Reading your question, I thought of the recent interview of Sarah Hepola on Fresh Air. She talks about how it was harder for her to walk into a weight loss group than it was to go to AA meetings. Lots of people will tell you it is more important to be health than to be thin and they are right. However, if you can figure out a healthy, sustainable way to lose weight and keep it off, that is even better. So, at some point you might want to consider a group weight loss program that addresses the emotional and practical aspects of weight as well as giving you a complete plan and support for doing it. I don't recommend starting a program like that until you have the motivation to really do the program (see-sawing - losing and regaining weight - is even worse than just maintaining a steady but higher weight level.)
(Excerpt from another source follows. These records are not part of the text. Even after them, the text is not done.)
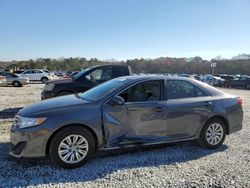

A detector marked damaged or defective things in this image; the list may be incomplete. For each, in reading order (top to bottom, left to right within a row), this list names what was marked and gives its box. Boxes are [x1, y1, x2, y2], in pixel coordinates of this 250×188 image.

damaged car door [101, 79, 168, 147]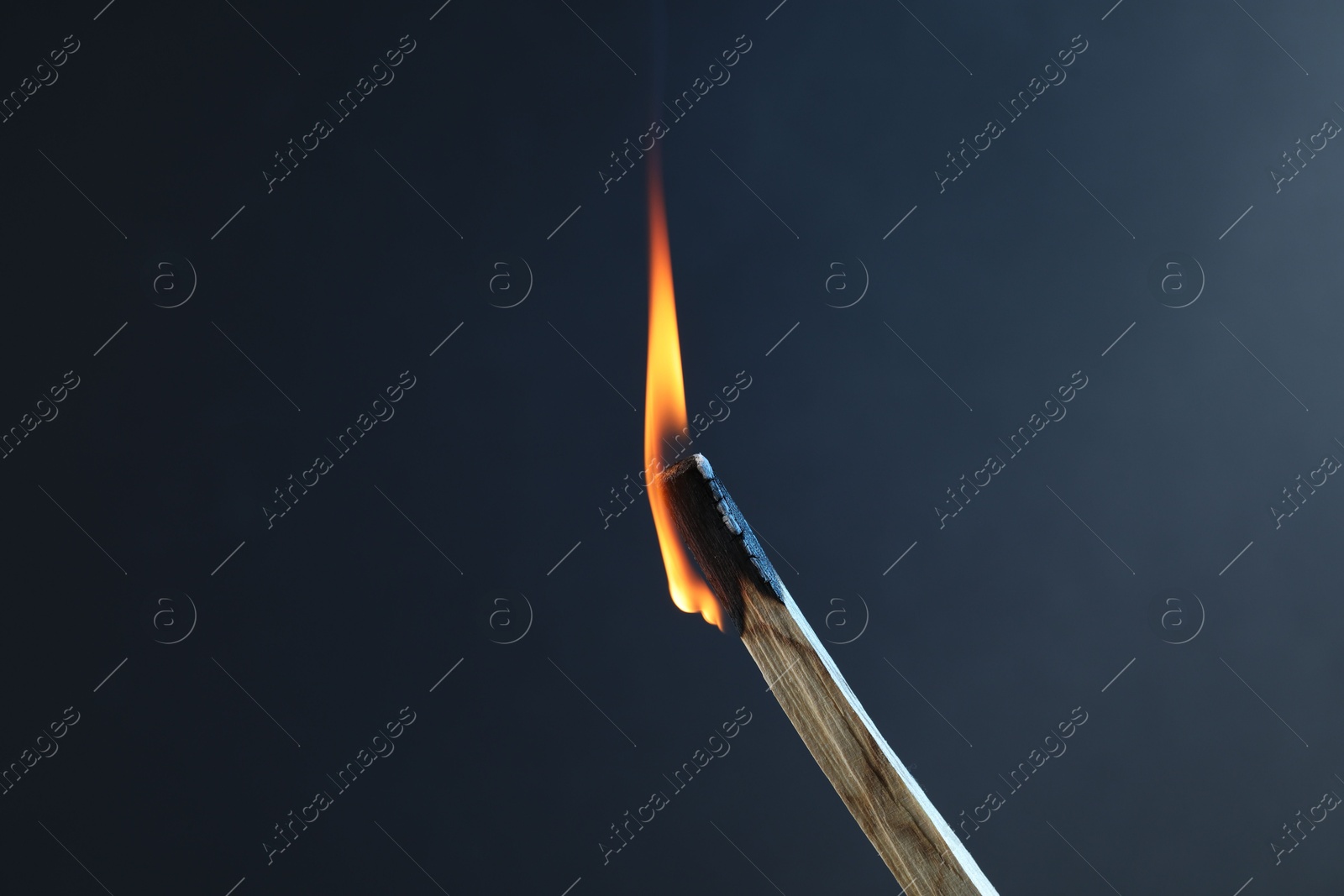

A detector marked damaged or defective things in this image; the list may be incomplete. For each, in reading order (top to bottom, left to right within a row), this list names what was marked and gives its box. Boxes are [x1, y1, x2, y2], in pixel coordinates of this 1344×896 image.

charred tip of stick [655, 451, 785, 634]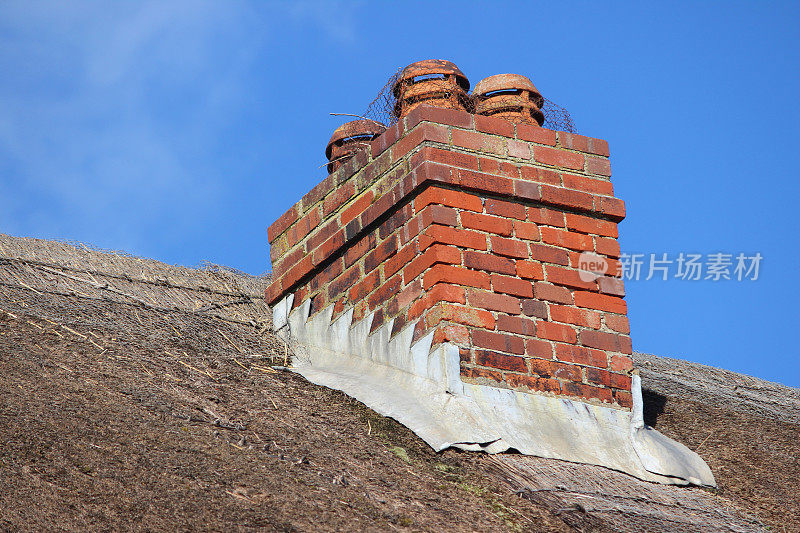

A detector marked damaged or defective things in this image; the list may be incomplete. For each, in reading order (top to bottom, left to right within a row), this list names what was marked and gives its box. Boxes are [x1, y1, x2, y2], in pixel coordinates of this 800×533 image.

rusty chimney pot [392, 59, 472, 119]
rusty chimney pot [476, 74, 544, 125]
rusty chimney pot [324, 119, 388, 174]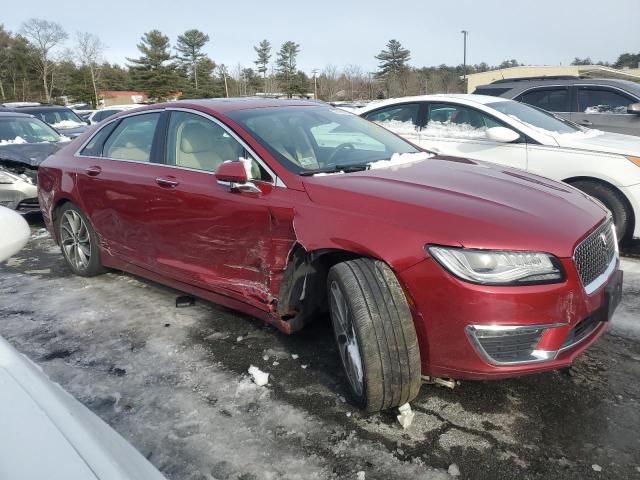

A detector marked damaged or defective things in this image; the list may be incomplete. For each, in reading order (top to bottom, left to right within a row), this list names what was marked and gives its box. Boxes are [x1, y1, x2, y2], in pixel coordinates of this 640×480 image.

So, I am recommending you go a group weight loss program but (i) pick the group carefully and (ii) don't do it until you feel ready. MeMail me if you want to know the specific program I used - they all have pros and cons but it worked for me - I lost 70 pounds in 2011 and have kept off 60 of them for almost four years.
posted by metahawk at 3:11 PM on August 9, 2015


Here is a list of "fat friendly" health professionals. There is usually anecdotal information in each entry, so that you can decide if an approach works for you.

If that's not useful: Unfortunately, some of the worst weight loss advice I've ever received has come from GPs. I get along with my current one because he knows he's not an expert, and refers me out (endocrinologist, nutritionist, etc) for that concern. You might want to start with a psychiatrist, let them know what your concerns are, and ask for their recommendations.